À part un jour férié où il lui offre une escapade dans un gîte, ils se voient en ville où chez elle, jamais chez lui. Il habite loin, est en déplacement constant pour le travail. Elle a proposé de faire le trajet à son tour, il a esquivé… comme les sujets portant sur un avenir à deux.

Un matin, elle trouve le cadavre de son chat dans la cuisine. Catastrophée, en larmes, elle l’emmène chez le vétérinaire. Alan s’excuse, il est coincé par son métier, il ne peut l’accompagner. Le vétérinaire conclut à un empoisonnement. Elle ne comprend pas : son chat ne sort jamais. Une plante qu’il aurait mangée peut-être ? Pour Noël ils sont tous les deux sollicités par leur famille respective, mais elle propose de fêter le Nouvel An chez lui, pour changer. Tiens, il acquiesce, mais ne lui donne pas l’adresse, il lui enverra par texto, promis. La veille, la voiture d’Eva tombe en panne. Le garagiste est peu débordé, elle ne l’aura pas avant plus sieur jours ; Alan la rassure : il viendra. Qu’elle prenne chez le traiteur, pour n’avoir rien à préparer, il amènera le champagne, l’important n’est-il pas d’être tous les deux ? Vingt heures, il n’est pas là.
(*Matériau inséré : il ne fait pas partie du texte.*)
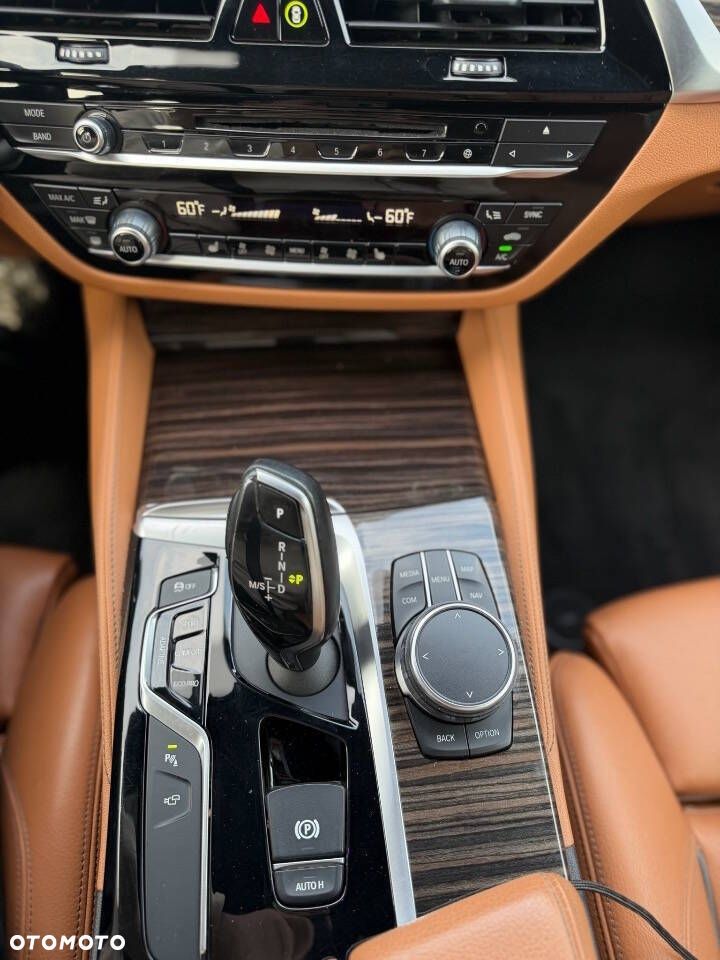 BMW Seria 5 530i xDrive Luxury Line - 18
Une demi-heure plus tard, il téléphone : sa voiture est tombée en panne à son tour, n’est-ce pas incroyable cette série ? Il attend la dépanneuse, il ne pourra pas être là : prendre un taxi puis le train, après tout ça, il ne serait pas là pour minuit. Tant pis. Eva se retrouve seule. Sans son chat. Sans même du champagne pour oublier cette situation absurde et noyer sa solitude.
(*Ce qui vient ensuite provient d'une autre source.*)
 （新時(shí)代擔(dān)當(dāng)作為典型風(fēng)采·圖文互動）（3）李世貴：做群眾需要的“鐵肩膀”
Leur relation reprend comme si de rien n’était. Eva tombe malade. Le médecin ne parvient pas à identifier ses symptômes, malgré toute une batterie d’examens. Eva est perplexe, Alan ne semble pas très affecté. Les conversations sont toujours aussi creuses, il parvient à parler de lui sans évoquer des choses réellement intimes ou donner des détails de sa vie. Ils se voient depuis plusieurs mois, elle n’est toujours pas allée chez lui. Elle est trop mal pour faire l’amour aussi souvent, il ne s’en formalise pas. Un jour qu’il prend sa douche chez elle avant de partir, elle fait une chose folle : elle fouille ses poches et examine son portefeuille. Il s’appelle Alain Lebel. Alain, pas Alan, évidemment ; Alan c’est moins… banal. Elle trouve une adresse, la note et range le portefeuille prestement. Le week-end suivant, elle est résolue. Elle se rend à cette adresse et trouve un poste de guet, à proximité de la maison d’Alain. Par miracle, la configuration des lieux lui permet d’observer en cachette. Elle le voit sortir de sa voiture en tenue d’équitation. Une femme sort de la maison, s’approche, l’enlace et l’embrasse sur la bouche. Eva se raidit. Bien sûr. Elle le sentait, depuis le début. Pourquoi n’a-t-elle pas écouté son instinct ? Sur la boîte aux lettres « M. et Mme Alain Lebel ». Elle reprend sa voiture, rentre chez elle. Au début, pas une larme, elle est juste crispée sur le volant. Puis le chagrin monte, mais ce n’est pas du regret, c’est de l’humiliation et bientôt la colère lui permet de sécher ses larmes. Quand il la contacte, elle annonce fermement qu’elle ne souhaite pas le revoir. Il proteste, la questionne. Que s’est-il passé ? Elle ne veut pas avouer qu’elle a douté et s’est comporté en femme jalouse, elle reste évasive. Elle reçoit bien évidemment un beau bouquet accompagné d’une carte de « bisous ». Ce ridicule l’exaspère enfin. Combien il est douloureux d’avouer à Patricia qu’elle a rompu… Elle ne parvient pas à raconter pourquoi, elle invente un mensonge. Au fond n’est-ce pas mieux comme cela ? Elle n’était pas éperdument amoureuse de cet homme, il s’est comporté comme tous les autres Tinderboys. En plus pervers peut-être. Elle doit tourner la page. La rage est immense, la honte, la douleur. La solitude la reprend à la gorge comme une mauvaise grippe. Paradoxalement sa santé revient.

Quinze jours plus tard, en feuilletant le journal régional, elle tombe sur un article qui relate l’arrestation d’un certain Alain Lebel, soupçonné d’avoir empoisonné son épouse à l’arsenic.